October/November 2008 - Britain is forced to pump 20 billion pounds into the lender to shore up its capital position. Stephen Hester is named to replace Fred Goodwin as CEO. The government increases its stake to 58 percent after injecting a further 15 billion pounds into the lender and to 70 percent in January 2009.

February 2009 - RBS reports a loss of 24.1 billion pounds for 2008, the biggest in British corporate history.

November 2009 - Britain announces it will inject another 25 billion pounds to prop up both RBS and Lloyds, taking the taxpayers' stake in RBS to over 80 percent.

December 2010 - Goodwin and other RBS executives during the financial crisis escape punishment by the Financial Services Authority despite what the regulator describes as a "series of bad decisions" in 2007 and 2008.

December 2011 - The FSA publishes its report, begun in 2009, into RBS's near failure. The report blames RBS's "poor management decisions" and flaws within the FSA itself. It also recommends tougher rules to ensure that in future banking executives can face "personal consequences" if a bank fails.
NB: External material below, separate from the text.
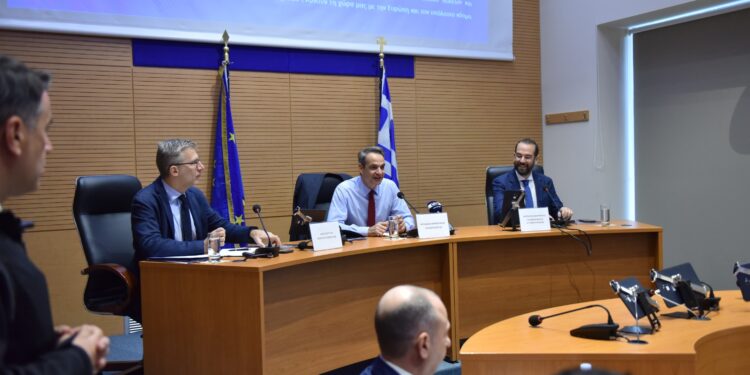 Χαιρετισμός Περιφερειάρχη Δυτικής Ελλάδας Νεκτάριου Φαρμάκη στην εκδήλωση με τον Π/Θ Κυριάκο Μητσοτάκη στην έδρα της ΠΔΕ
August 2012 - A joint New York-Connecticut investigation of Libor sends subpoenas to Royal Bank of Scotland, and several other banks. The subpoenas seek communication between executives related to possible collusion that may have played a role in alleged manipulation of the Libor rate.

September 2012 - RBS increases its target for job cuts at its investment banking business to 3,800 by the end of 2013. Hester has already axed 34,000 jobs since arriving at RBS.

January 2013 - RBS prepares to slash bonuses and may consider sacking executives over the bank's role in fixing the Libor rate.